§ **Information provided**
────────────────────────────────────────
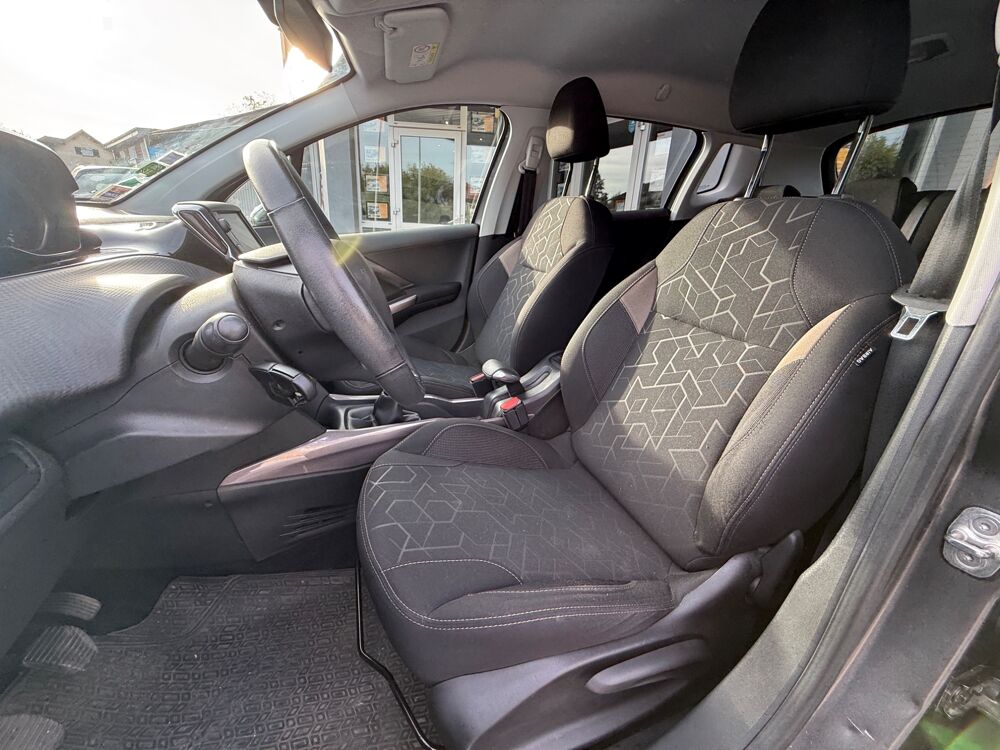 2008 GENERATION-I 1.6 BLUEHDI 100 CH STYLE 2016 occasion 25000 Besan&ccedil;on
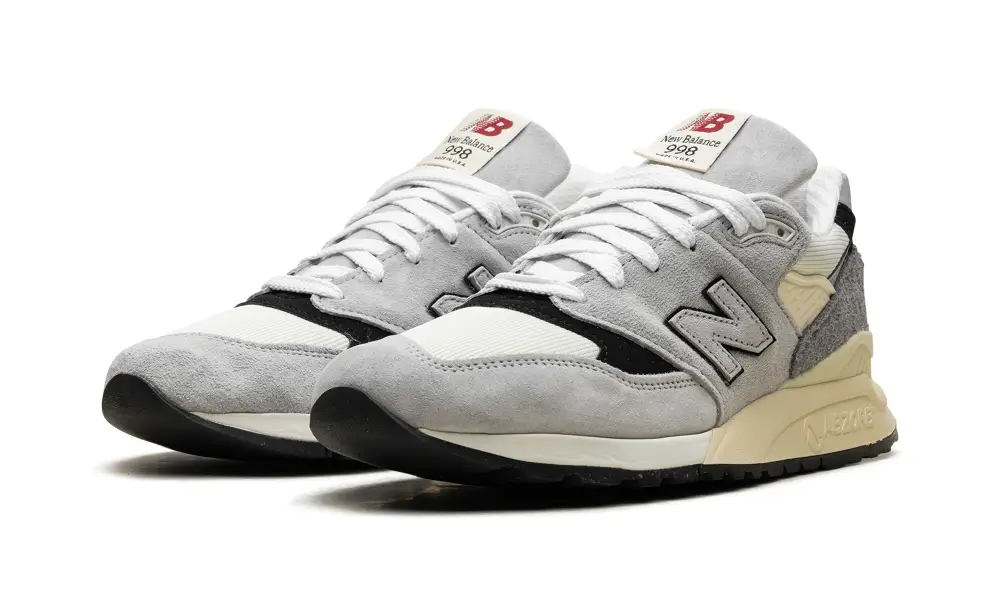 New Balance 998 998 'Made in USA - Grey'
────────────────────────────────────────
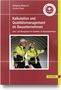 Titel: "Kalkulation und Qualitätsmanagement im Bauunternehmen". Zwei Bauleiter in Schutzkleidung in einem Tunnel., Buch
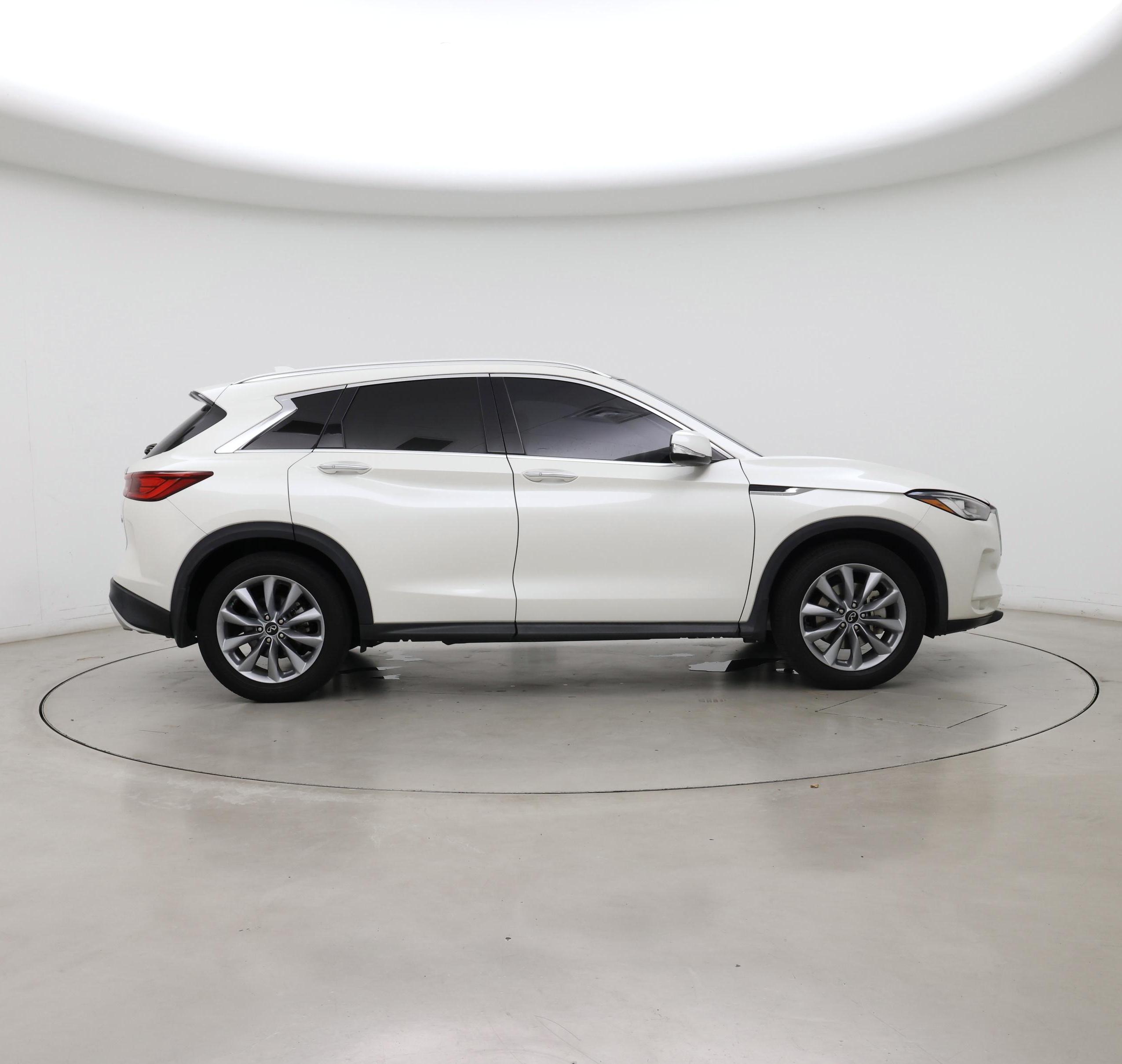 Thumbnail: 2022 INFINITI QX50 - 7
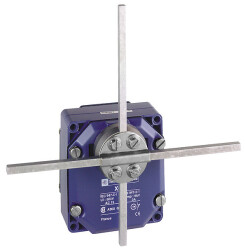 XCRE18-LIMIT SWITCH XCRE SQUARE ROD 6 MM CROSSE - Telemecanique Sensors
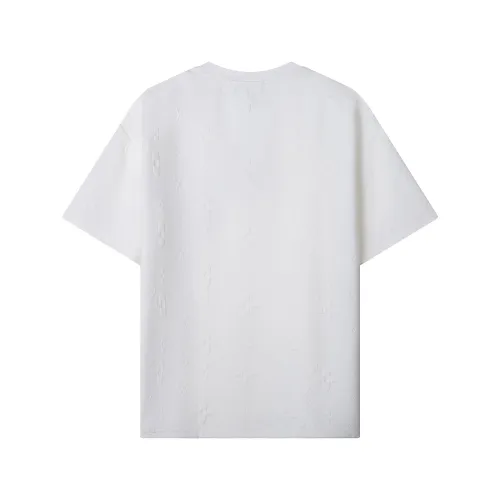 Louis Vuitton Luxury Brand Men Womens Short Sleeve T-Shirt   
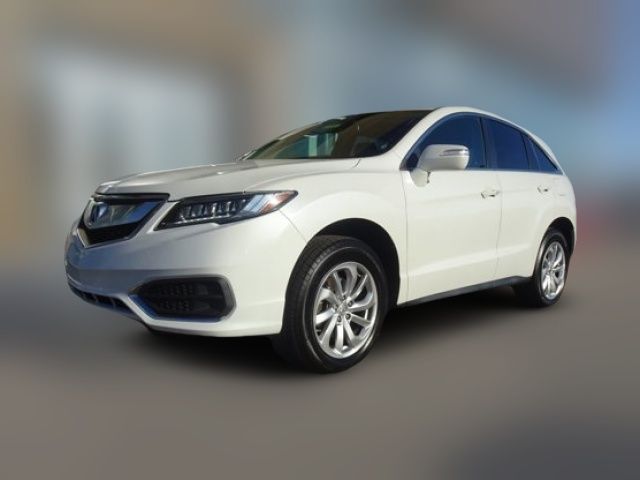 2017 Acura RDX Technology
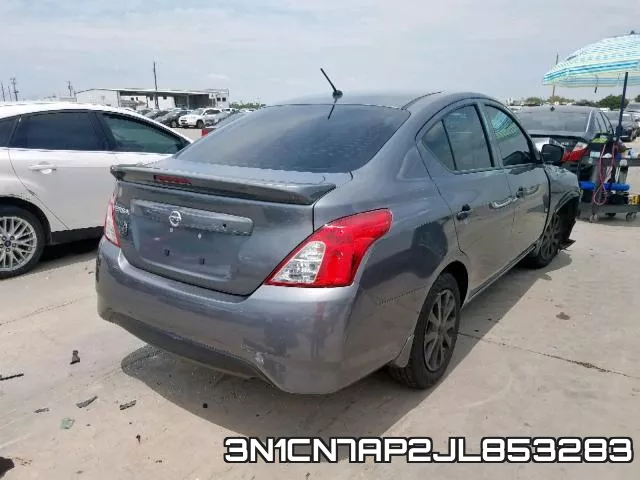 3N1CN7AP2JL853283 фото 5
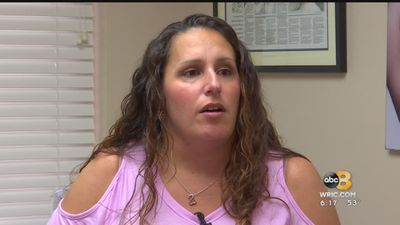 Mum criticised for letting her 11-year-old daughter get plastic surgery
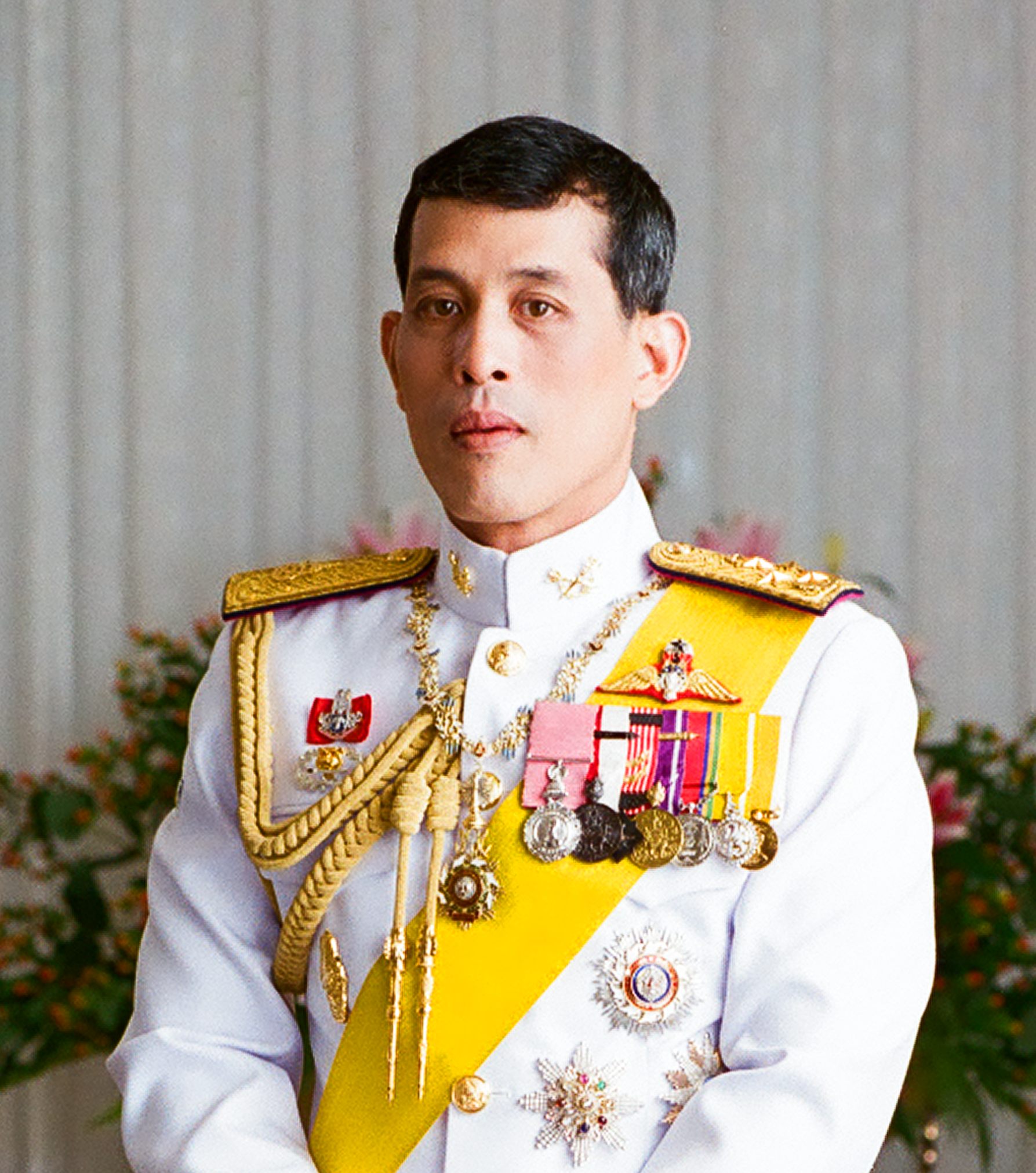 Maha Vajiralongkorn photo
────────────────────────────────────────
§ **Exercise goal**
Print everything from the line with "2008 GENERATION-I 1.6" down to the line with "New Balance 998 998 'Made in USA - Grey'" in the entries above, both lines included and nothing more, without the pictures.

§ **Result for this exercise**
 2008 GENERATION-I 1.6 BLUEHDI 100 CH STYLE 2016 occasion 25000 Besan&ccedil;on
 New Balance 998 998 'Made in USA - Grey'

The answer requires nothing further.